Moser: A little anecdote to that: At the LKA in Stuttgart, I was allowed to operate a disarming robot. As part of the experience, I had to steer it out of the room where I was, through two hallways and into a different room to look if there was something suspect on top of a closet. I thought I would be able to complete the task quite easily since I have a bit of experience with remote steering. 20 sweat-filled minutes later, I had just maneuvered the robot in front of the closet and yet, I still had to maneuver it to the correct position, which also took quite long. The orientation within the room is lost when you are working with only a few cameras on the robot itself. To think that in a real-life situation, a distance of perhaps 50 meters and maybe even hurdles such as stairs need to be dealt with, and that you might realize, for instance, that the robot is equipped with the wrong sensors, while each extra minute possible endangers lives and costs money – this makes one quite nervous. That is why it is crucial that the information gathered by the robot is easy to record and that the sensor control system is reliable. It is also important that the robot is properly equipped, so that it does not have to be brought back between tasks. From an engineering point of view, this is a very interesting aspect.
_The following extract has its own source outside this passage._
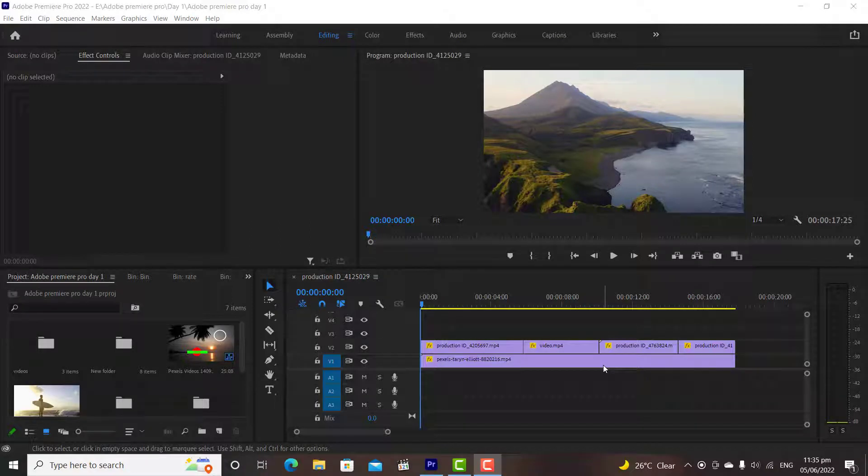Hi, and welcome to the 8th tutorial video of Adobe Premiere Pro. In this video, we are going to discuss position and opacity in Adobe Premiere Pro. So let's get started.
How is the bilateral and interdisciplinary cooperation with the various project partners working?

Heusinger: The partnership with Austria is advantageous since our technology standards as well as ethical and legal aspects are very similar. In that way, we complement each other very well.

Moser: This is what our cooperation is existing on. We coordinate with each other in regular meetings so that we are building upon each other’s findings and so that those findings are compatible. Regarding the overall assessment, the various project partners address different aspects. These include ethical and juridical questions regarding the framework conditions, the hardware integration or how to ensure for each respective technology that the necessary interfaces exist and are applicable on a robot and that the data is correctly compiled, saved and presented meaningfully. This is only possible via exchange and communication between partners.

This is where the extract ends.